### PROBLEM DESCRIPTION
The answer must be the lines from the one that holds "37 plus X, which" through the final line of the data, copied exactly, with no pictures.

***** DATA SHOWN *****

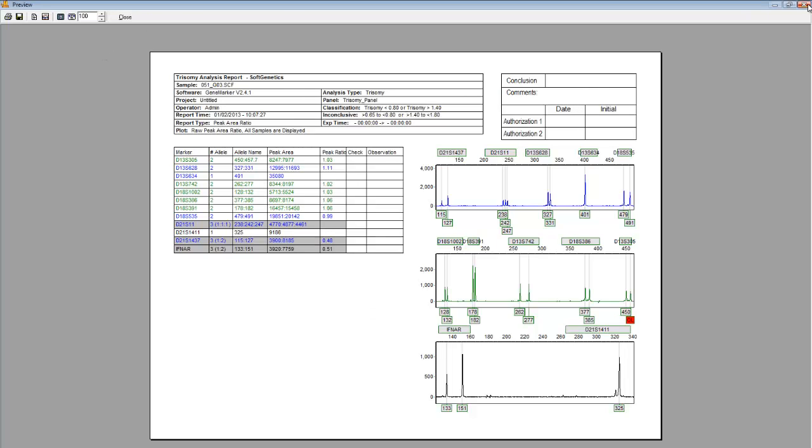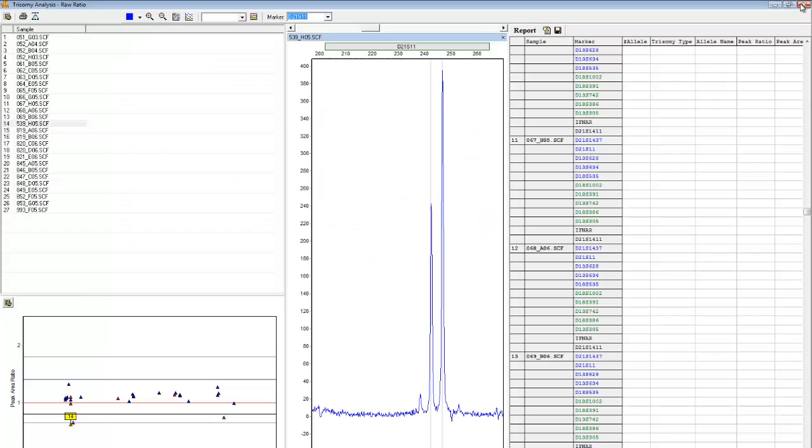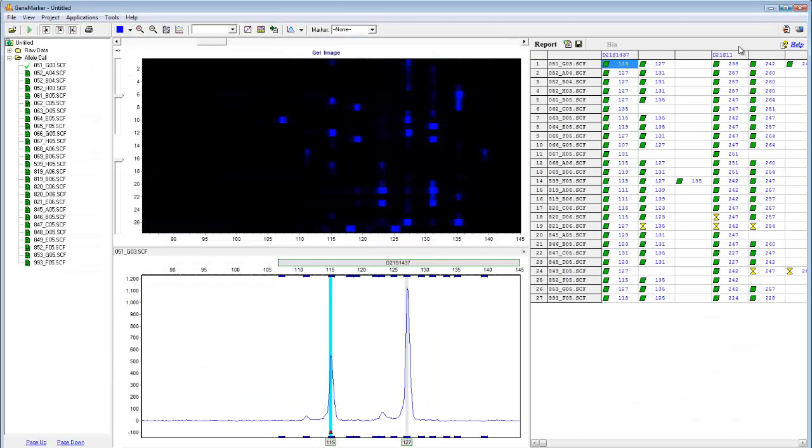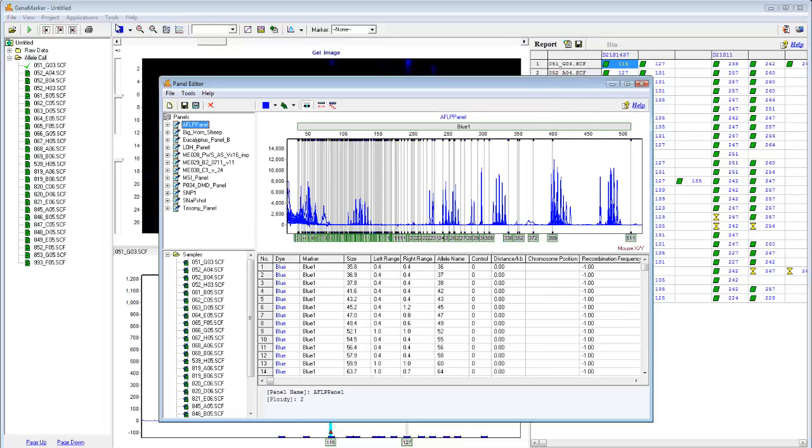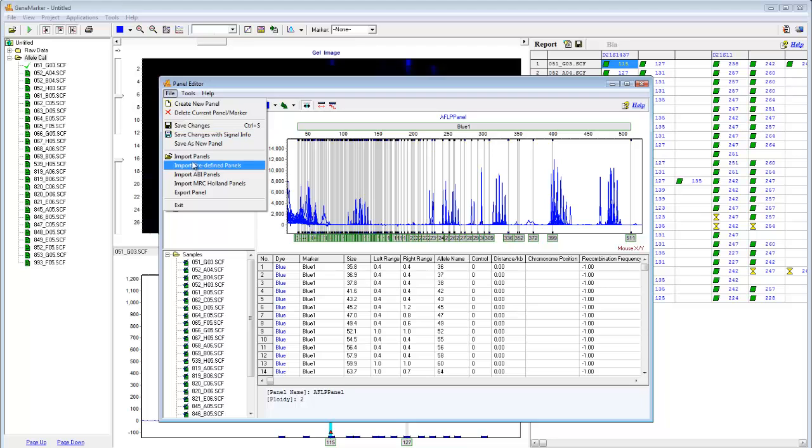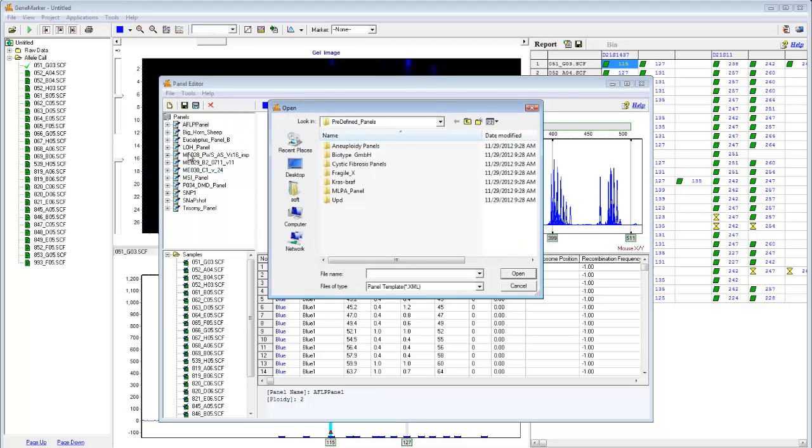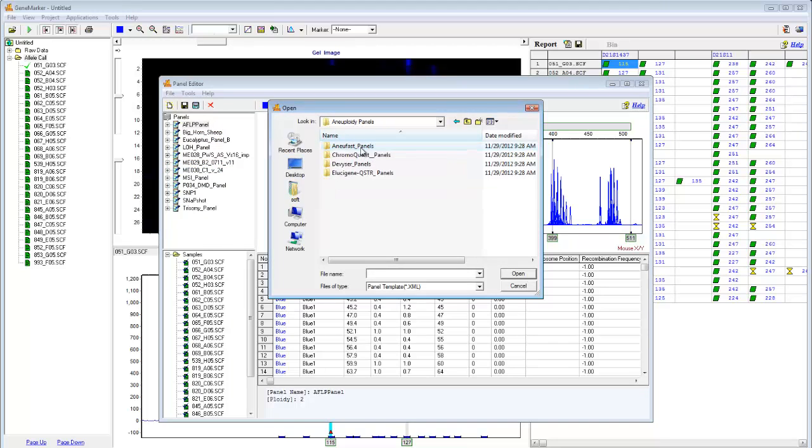One last thing I'd like to show you is the panel editor, which can be used to import many trisomy panels installed with GeneMarker. To access the panel editor, simply click Tools Panel Editor. Click File, Import Predefined Panels, and then select Aneuploidy Panels.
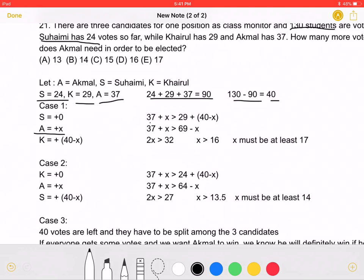37 plus X, which is the total votes A has, must be greater than 29 plus 40 minus X, which is the number of votes K has. Simplifying, we get that 2X must be greater than 32, which means X must be greater than 16. The smallest integer greater than 16 is 17, so X must be at least 17 for A to definitely win.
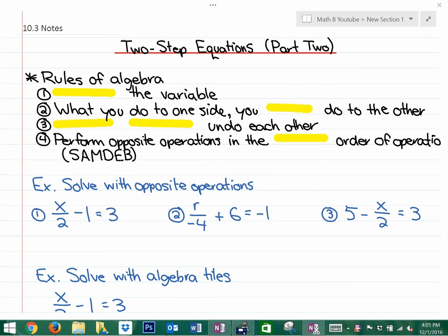In this lesson, we're going to be continuing to look at solving algebraic equations using opposite operations.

*****

### ANSWER FOR THE TASK
37 plus X, which is the total votes A has, must be greater than 29 plus 40 minus X, which is the number of votes K has. Simplifying, we get that 2X must be greater than 32, which means X must be greater than 16. The smallest integer greater than 16 is 17, so X must be at least 17 for A to definitely win.
In this lesson, we're going to be continuing to look at solving algebraic equations using opposite operations.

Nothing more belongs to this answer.